* Try it
The lines below from the one with "SAČEKUŠA ZA DELIJE" up to and including the one with "Spooky Thomas &" are what you should set down, exactly and without pictures.

* Exercise materials
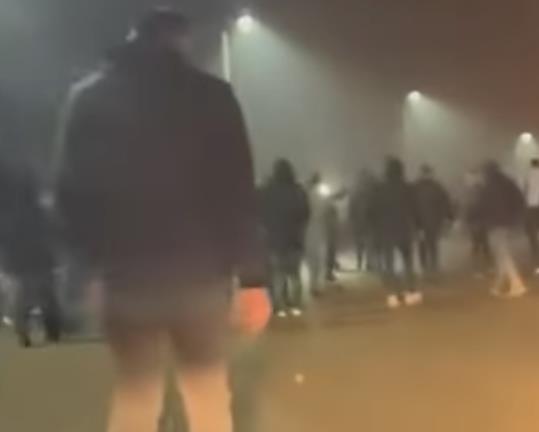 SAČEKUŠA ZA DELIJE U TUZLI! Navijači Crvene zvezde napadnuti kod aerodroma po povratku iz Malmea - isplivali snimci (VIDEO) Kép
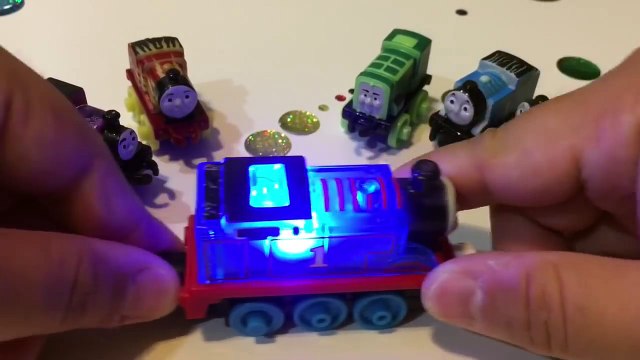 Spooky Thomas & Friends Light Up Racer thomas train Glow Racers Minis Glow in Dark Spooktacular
--
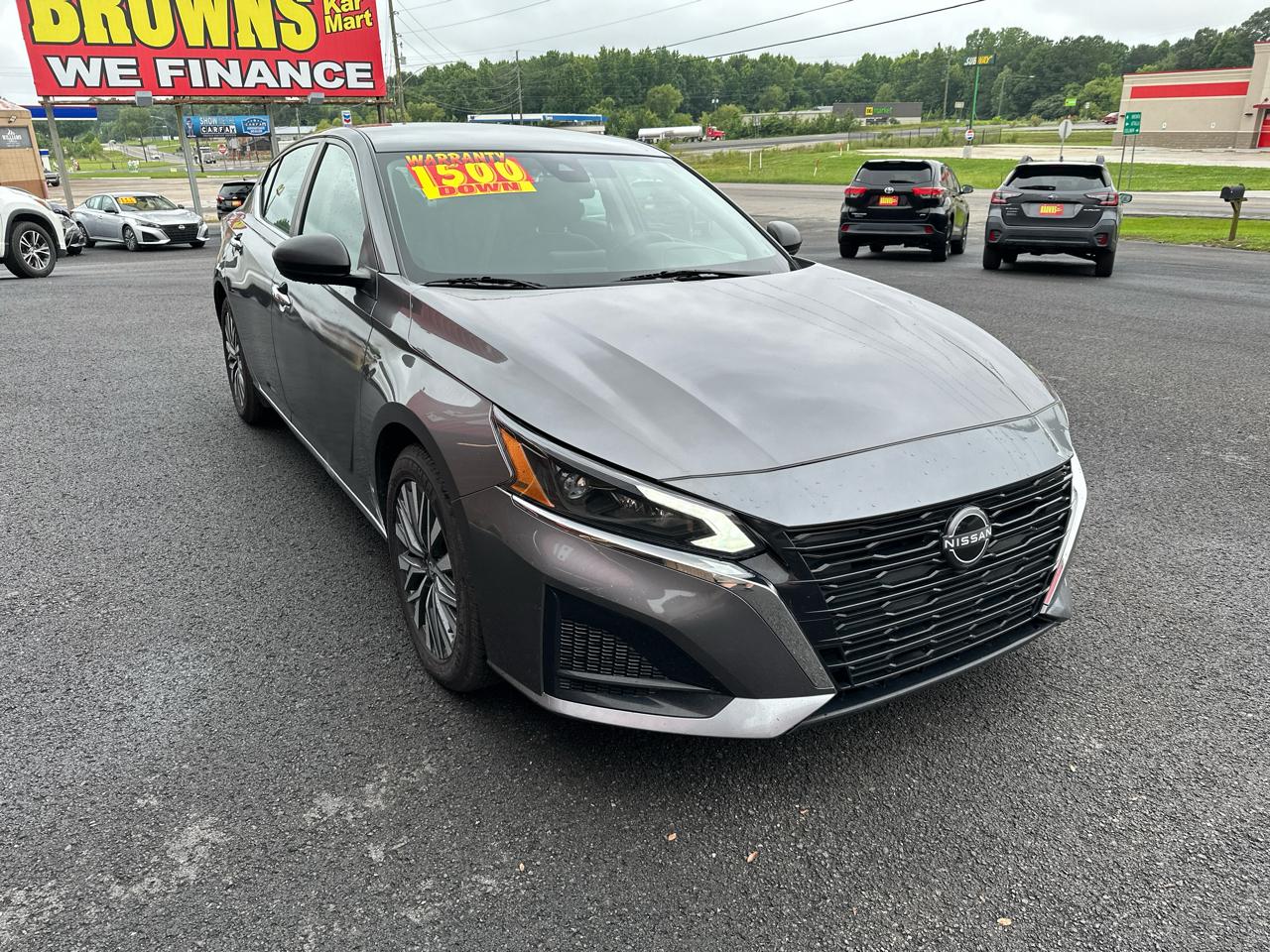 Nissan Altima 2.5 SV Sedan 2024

* Answer section
 SAČEKUŠA ZA DELIJE U TUZLI! Navijači Crvene zvezde napadnuti kod aerodroma po povratku iz Malmea - isplivali snimci (VIDEO) Kép
 Spooky Thomas & Friends Light Up Racer thomas train Glow Racers Minis Glow in Dark Spooktacular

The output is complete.